++++ DATASET CONTENT ++++

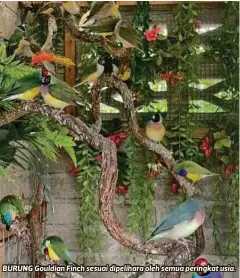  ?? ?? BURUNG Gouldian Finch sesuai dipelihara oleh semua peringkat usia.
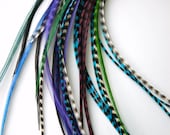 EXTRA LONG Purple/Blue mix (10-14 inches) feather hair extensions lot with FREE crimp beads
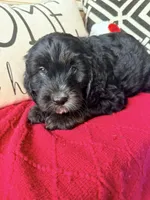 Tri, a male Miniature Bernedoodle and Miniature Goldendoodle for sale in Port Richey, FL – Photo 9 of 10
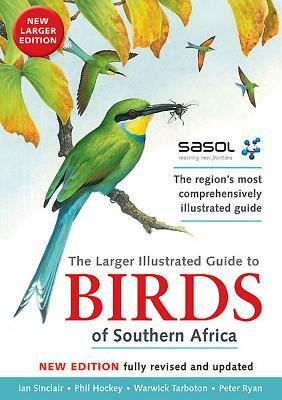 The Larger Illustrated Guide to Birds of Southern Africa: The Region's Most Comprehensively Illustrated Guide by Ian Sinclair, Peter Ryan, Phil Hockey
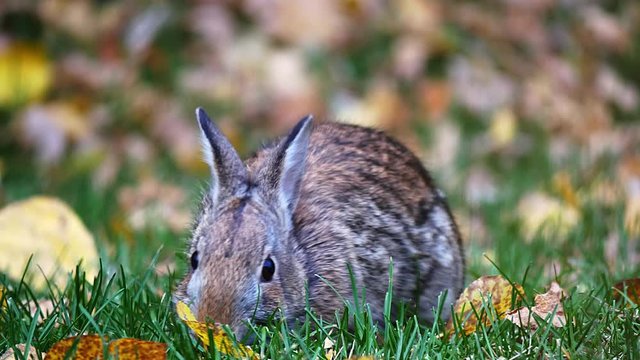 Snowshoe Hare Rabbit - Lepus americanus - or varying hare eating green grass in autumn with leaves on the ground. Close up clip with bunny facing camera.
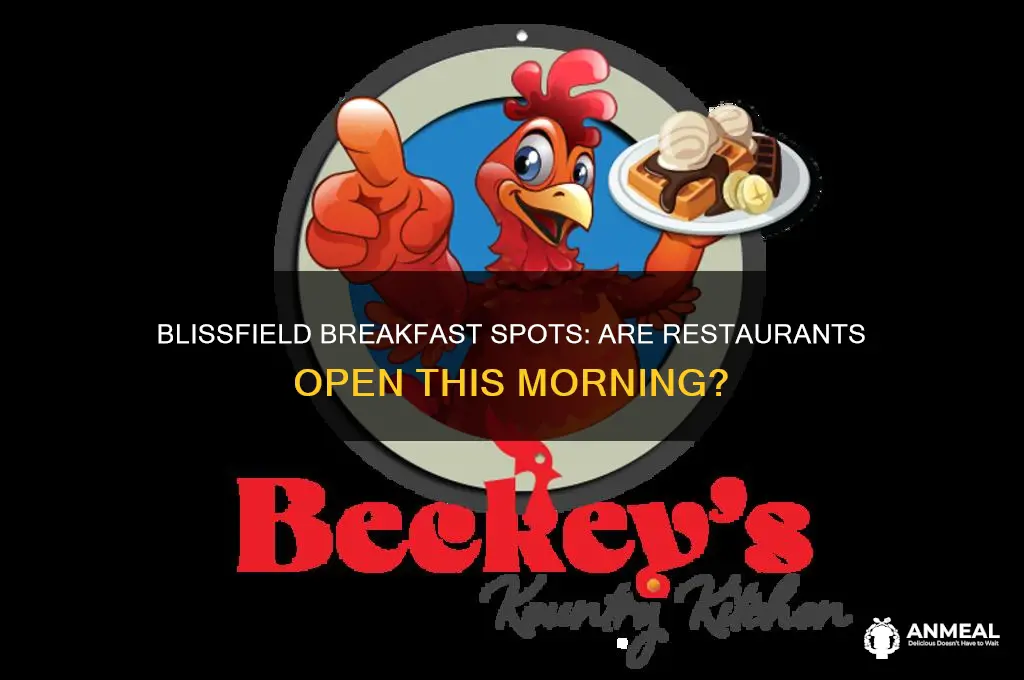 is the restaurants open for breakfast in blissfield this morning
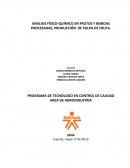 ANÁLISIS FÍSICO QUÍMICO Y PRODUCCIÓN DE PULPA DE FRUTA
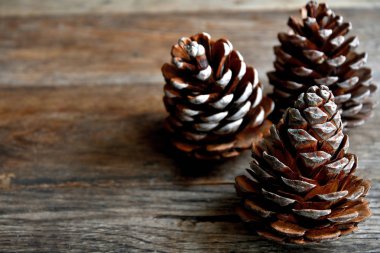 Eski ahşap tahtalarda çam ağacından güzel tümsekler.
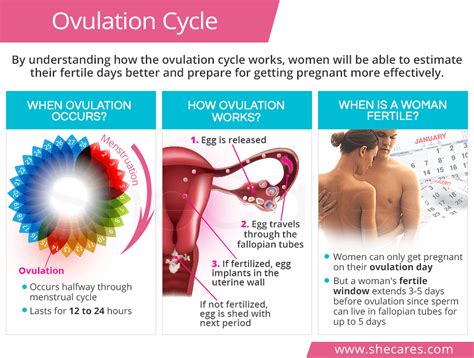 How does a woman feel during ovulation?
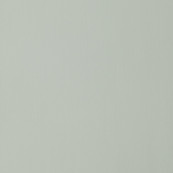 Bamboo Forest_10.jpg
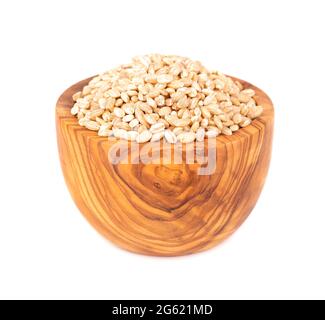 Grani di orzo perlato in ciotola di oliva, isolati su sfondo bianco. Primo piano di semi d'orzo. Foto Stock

++++

_EXERCISE BRIEF_
In the copy, include exactly the lines from the one containing "Snowshoe Hare Rabbit" through the last line of the records, and no pictures or other text.

_ANSWER TO THIS EXERCISE_
 Snowshoe Hare Rabbit - Lepus americanus - or varying hare eating green grass in autumn with leaves on the ground. Close up clip with bunny facing camera.
 is the restaurants open for breakfast in blissfield this morning
 ANÁLISIS FÍSICO QUÍMICO Y PRODUCCIÓN DE PULPA DE FRUTA
 Eski ahşap tahtalarda çam ağacından güzel tümsekler.
 How does a woman feel during ovulation?
 Bamboo Forest_10.jpg
 Grani di orzo perlato in ciotola di oliva, isolati su sfondo bianco. Primo piano di semi d'orzo. Foto Stock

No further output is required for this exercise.